- ASSIGNMENT: In the records below, find the line with "Hey all, I'm" and the line with "This next step". Print both exactly, along with every line between them, and no other line.

- DATA FOR THE TASK:
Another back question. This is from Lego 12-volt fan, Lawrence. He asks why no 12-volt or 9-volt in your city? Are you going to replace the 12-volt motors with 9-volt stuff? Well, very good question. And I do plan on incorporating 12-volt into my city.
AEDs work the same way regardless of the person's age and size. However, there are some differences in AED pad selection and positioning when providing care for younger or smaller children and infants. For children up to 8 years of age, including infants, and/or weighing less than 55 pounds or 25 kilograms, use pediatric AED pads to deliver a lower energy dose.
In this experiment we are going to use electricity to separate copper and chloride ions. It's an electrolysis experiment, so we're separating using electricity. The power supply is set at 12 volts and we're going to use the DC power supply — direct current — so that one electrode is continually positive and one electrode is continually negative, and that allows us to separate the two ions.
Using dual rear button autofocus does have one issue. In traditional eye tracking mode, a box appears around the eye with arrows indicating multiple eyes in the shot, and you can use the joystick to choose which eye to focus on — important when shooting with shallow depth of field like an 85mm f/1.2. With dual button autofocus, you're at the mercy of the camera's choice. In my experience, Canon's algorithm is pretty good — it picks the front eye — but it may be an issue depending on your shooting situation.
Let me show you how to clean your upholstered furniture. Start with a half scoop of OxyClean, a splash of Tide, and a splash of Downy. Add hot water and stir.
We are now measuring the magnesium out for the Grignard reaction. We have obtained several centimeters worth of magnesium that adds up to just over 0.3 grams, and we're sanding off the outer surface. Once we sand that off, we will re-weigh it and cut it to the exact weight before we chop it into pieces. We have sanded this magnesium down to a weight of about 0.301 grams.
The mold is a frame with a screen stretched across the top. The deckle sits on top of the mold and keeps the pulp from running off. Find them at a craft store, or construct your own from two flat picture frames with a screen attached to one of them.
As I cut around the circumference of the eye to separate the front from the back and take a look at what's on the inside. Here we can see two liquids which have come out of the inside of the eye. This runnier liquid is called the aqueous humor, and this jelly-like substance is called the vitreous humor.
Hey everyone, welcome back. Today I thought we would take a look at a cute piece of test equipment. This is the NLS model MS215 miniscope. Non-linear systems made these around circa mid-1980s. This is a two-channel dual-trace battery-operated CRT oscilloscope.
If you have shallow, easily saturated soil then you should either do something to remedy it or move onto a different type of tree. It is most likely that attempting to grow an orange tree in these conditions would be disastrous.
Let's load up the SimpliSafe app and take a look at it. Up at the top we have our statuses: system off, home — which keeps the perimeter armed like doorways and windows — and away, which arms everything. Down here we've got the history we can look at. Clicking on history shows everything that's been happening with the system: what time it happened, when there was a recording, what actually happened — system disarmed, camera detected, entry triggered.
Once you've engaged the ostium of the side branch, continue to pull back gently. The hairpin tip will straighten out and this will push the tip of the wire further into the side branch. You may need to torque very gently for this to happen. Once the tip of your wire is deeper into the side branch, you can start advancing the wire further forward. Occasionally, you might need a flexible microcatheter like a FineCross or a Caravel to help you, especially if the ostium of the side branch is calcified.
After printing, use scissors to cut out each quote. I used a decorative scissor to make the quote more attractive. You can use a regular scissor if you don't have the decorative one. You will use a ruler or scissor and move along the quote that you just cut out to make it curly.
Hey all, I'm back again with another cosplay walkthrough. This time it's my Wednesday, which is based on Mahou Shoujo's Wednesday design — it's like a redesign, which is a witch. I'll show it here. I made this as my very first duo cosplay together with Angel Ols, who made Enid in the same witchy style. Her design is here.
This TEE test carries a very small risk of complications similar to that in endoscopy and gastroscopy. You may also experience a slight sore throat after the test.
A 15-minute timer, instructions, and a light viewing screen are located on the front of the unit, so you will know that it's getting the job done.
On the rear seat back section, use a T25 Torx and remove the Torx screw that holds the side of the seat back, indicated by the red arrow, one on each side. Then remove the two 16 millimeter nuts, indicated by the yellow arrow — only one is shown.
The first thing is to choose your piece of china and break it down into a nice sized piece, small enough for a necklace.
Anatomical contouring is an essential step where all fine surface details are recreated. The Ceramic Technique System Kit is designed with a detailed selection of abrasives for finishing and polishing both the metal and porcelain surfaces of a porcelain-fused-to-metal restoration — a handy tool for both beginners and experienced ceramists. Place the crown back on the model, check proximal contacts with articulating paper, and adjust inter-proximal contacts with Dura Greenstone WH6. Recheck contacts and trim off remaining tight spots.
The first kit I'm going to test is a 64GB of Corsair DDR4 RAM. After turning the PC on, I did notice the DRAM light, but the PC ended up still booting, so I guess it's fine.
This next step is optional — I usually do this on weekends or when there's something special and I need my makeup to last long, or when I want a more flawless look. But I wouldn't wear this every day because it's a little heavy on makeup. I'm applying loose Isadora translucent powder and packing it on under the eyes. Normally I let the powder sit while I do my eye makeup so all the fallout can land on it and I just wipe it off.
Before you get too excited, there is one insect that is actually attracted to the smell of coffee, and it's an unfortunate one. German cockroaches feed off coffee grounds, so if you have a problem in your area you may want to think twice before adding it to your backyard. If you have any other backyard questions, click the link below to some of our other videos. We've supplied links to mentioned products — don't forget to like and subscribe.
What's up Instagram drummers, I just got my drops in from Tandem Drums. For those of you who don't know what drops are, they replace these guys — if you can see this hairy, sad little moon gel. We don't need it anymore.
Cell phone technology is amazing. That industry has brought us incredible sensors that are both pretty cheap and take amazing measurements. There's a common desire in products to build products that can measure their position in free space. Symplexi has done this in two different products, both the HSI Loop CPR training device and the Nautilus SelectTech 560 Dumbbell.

- REPLY TO THE EXERCISE:
Hey all, I'm back again with another cosplay walkthrough. This time it's my Wednesday, which is based on Mahou Shoujo's Wednesday design — it's like a redesign, which is a witch. I'll show it here. I made this as my very first duo cosplay together with Angel Ols, who made Enid in the same witchy style. Her design is here.
This TEE test carries a very small risk of complications similar to that in endoscopy and gastroscopy. You may also experience a slight sore throat after the test.
A 15-minute timer, instructions, and a light viewing screen are located on the front of the unit, so you will know that it's getting the job done.
On the rear seat back section, use a T25 Torx and remove the Torx screw that holds the side of the seat back, indicated by the red arrow, one on each side. Then remove the two 16 millimeter nuts, indicated by the yellow arrow — only one is shown.
The first thing is to choose your piece of china and break it down into a nice sized piece, small enough for a necklace.
Anatomical contouring is an essential step where all fine surface details are recreated. The Ceramic Technique System Kit is designed with a detailed selection of abrasives for finishing and polishing both the metal and porcelain surfaces of a porcelain-fused-to-metal restoration — a handy tool for both beginners and experienced ceramists. Place the crown back on the model, check proximal contacts with articulating paper, and adjust inter-proximal contacts with Dura Greenstone WH6. Recheck contacts and trim off remaining tight spots.
The first kit I'm going to test is a 64GB of Corsair DDR4 RAM. After turning the PC on, I did notice the DRAM light, but the PC ended up still booting, so I guess it's fine.
This next step is optional — I usually do this on weekends or when there's something special and I need my makeup to last long, or when I want a more flawless look. But I wouldn't wear this every day because it's a little heavy on makeup. I'm applying loose Isadora translucent powder and packing it on under the eyes. Normally I let the powder sit while I do my eye makeup so all the fallout can land on it and I just wipe it off.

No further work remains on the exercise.